Ieri era il mio turno per provare gli off track “muletto”.
La giornata non si presenta affatto bene mentre vado a prelevare Kobang: pioggerella, nebbia e temperatura autunnale. Raggiungiamo gli altri amici a Torcegno perché l’idea è di salire al Ciste da nord, partendo dal ponte Salton.
Bisogna prima regolare gli attacchi degli off track sulle misure dei miei scarponi. Kobang allunga al massimo l’attacco (io non ho un piedino) ma, disdetta, lo scarpone non passa giù. Non c’è verso di farlo scendere all’interno della talloniera. Sono già sulle spine perché il MIO scarpone blocca la partenza dell’escursione. Ma gli altri partecipanti, senza fare una piega, si sguinzagliano chi di qua chi di là in attesa che il problema venga risolto. Cosa che avviene nell’officina di Rolando, vero antro vulcanico ingombro di attrezzi di ogni genere. Lui e Kobang, che si è anche spellato un dito con un cacciavite, spostano le talloniere alcuni centimetri indietro e voilà, lo scarpone entra. Sembra “detto fatto”, invece si è trattato di un’operazione di alta chirurgia tecnologica, un vero e proprio trapianto, con uso di calibro, punzone, squadra, trapano a colonna, avvitatore, cacciaviti di varia dimensione e, utilissimo nella sua umiltà, bianchetto per segnare i fori. Si parte, in macchina.
Al ponte Salton, visto il miserevole stato della neve, decidiamo di proseguire fino alla Baessa e quindi salire al Manghen lungo la provinciale. Così poco dopo eccoci camminare leggiadri sotto una pioggerella che sembra più adatta ad andar per funghi che non con gli sci. Si sale abbastanza rapidamente seguendo vecchie tracce e tagliando, dove possibile, i tornanti. Vi assicuro che i sessantenni del gruppo tirano… La pioggia, benché lieve, non cessa, la nebbia gira silenziosa per valloni e boschi, ma la neve è abbondante anche se non di prima qualità. Levando lo sguardo verso l’alto si vedono i pini ricoperti da un leggero pulviscolo bianco che sa di neve nuova: lassù fiocca e noi andiamo felici a prenderci la nevicata.
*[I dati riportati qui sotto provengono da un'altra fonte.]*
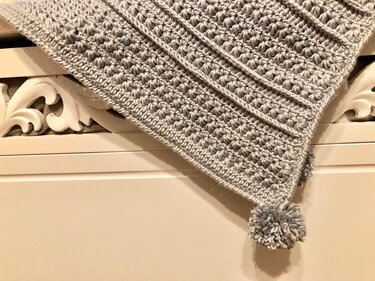 Häkelanleitung Kuscheldecke "Isalie" - alle Größen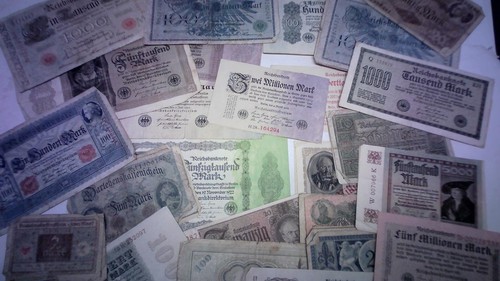 Banknoten kleine sammlung mit - sammlung,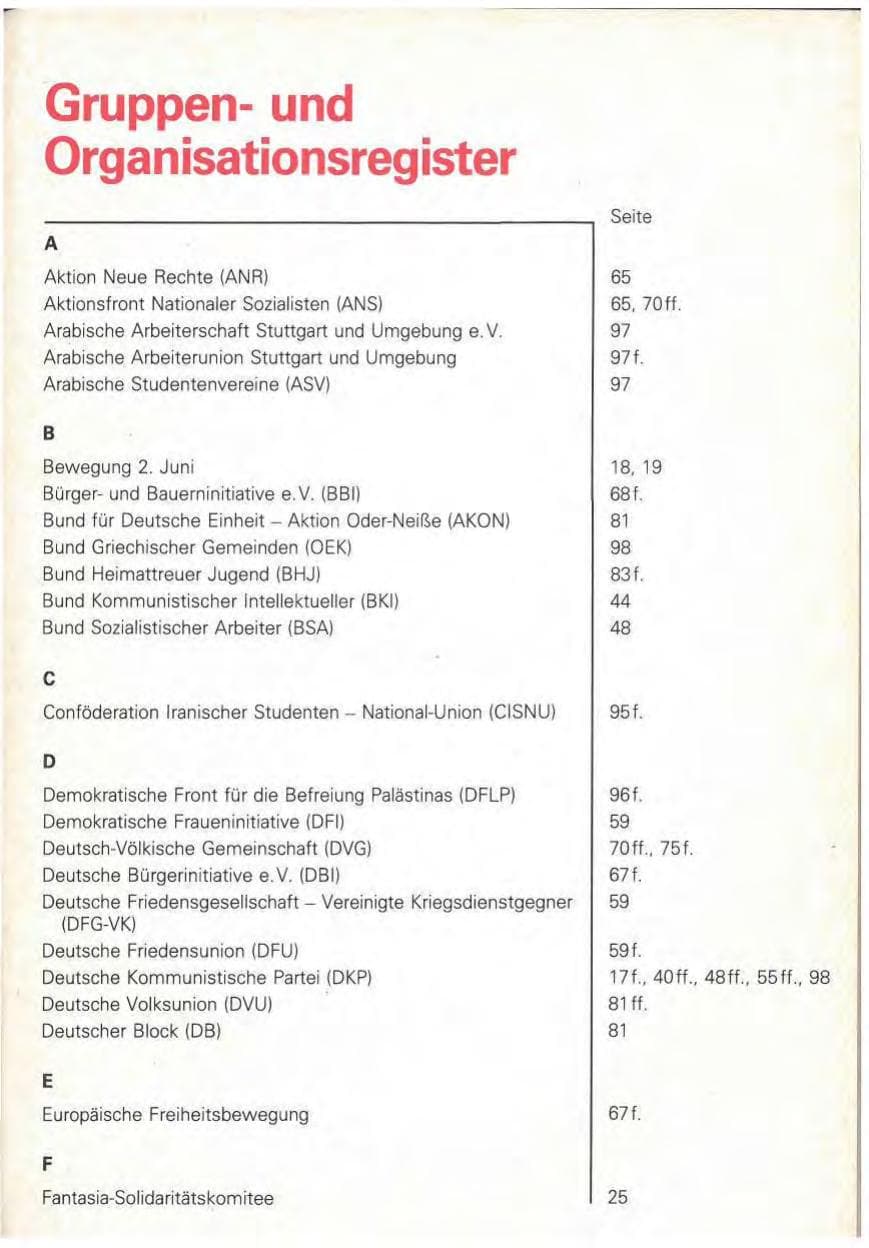 Seite 113 des Verfassungsschutzbericht 1979 Baden-Württemberg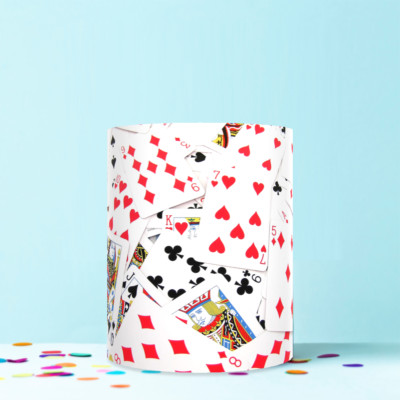 PLAYING CARDS WRAP AROUND EDIBLE CAKE TOPPER ICING SHEET DECORATION ...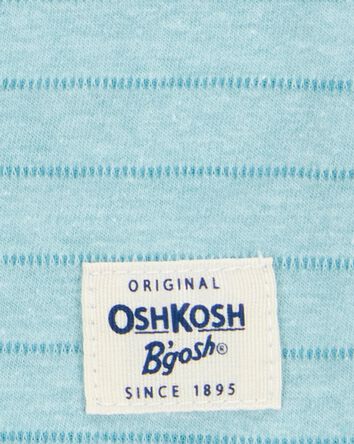 Toddler Striped Textured Tank - Blue, 
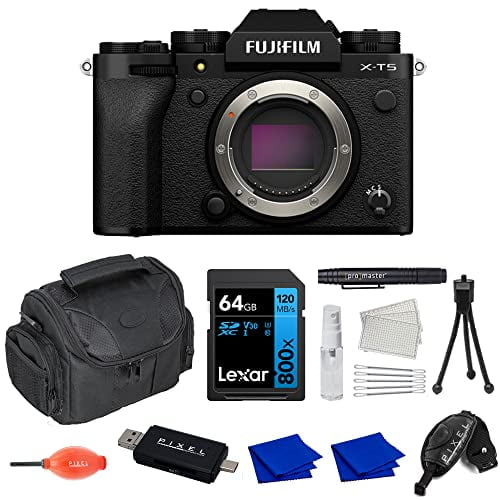 FUJIFILM XT5 Mirrorless Camera (Black) Bundle with 64GB Memory Card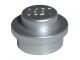 4073-67 Platte plaat 1x1 rond zilver, metallic NIEUW *1B207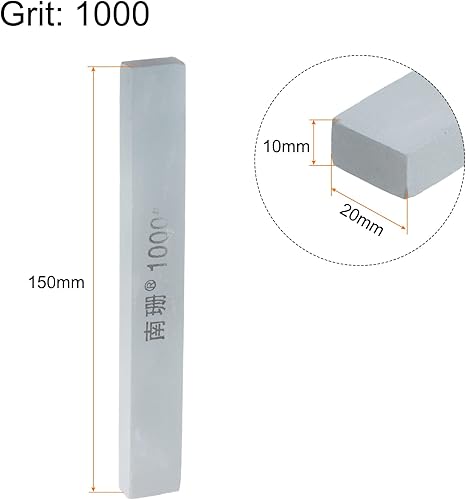 Miniatura 2 de HARFINGTON Piedra de afilar el cuchillo verde del carburo de silicio del rectángulo 800 de las piedras de afilar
Dalla capanna dei Camosci – ultimo edificio prima del passo - saliamo per breve tratto lungo la strada e affrontiamo poi il pendio ripido che ci permette di evitare il tornantone finale, quello sotto cima Valsolaro. Qui cominciano i primi fiocchi di neve gelata. Raggiunta nuovamente la strada siamo alle ultime curve sotto il passo. Una breve deviazione ci conduce al bivacco dei Fanti di Telve, pochi metri sotto il passo, dove ci fermiamo. Là, sotto una tettoia, tra frizzi e lazzi di stampo goliardico, consumiamo le nostre cibarie. Fuori, nel bianco, fiocca che è un piacere.
Scendiamo cauti fino alla strada, che percorriamo per breve tratto. Poi ci buttiamo giù per il pendio salito in precedenza. La neve è pesante, bagnata e collosa, ma gli sci girano benissimo senza grosso sforzo. Non oso pensare come sarebbe stato con sci “lunghi” tradizionali. Giù ancora fino alla capanna dei Camosci su spazi aperti tra rada vegetazione, con nuove curve che disegnano linee sorprendentemente filanti. Sono già soddisfatto del test. Più in basso è necessario percorrere la strada alimentando l’andatura con numerose spinte. Passiamo le due malghe Valsolaro, il bivio per la Valtrighetta e arriviamo alla Baessa sotto una pioggia insistente.
Nonostante l'intoppo iniziale, tutto ok, dagli sci (che in serata ho ordinato), all’escursione (quando si torna senza danni per me va sempre bene), alla compagnia molto ben assortita (si va dal taciturno all’estroverso), che ringrazio, alla magica nevicata sotto le cime del Manghen.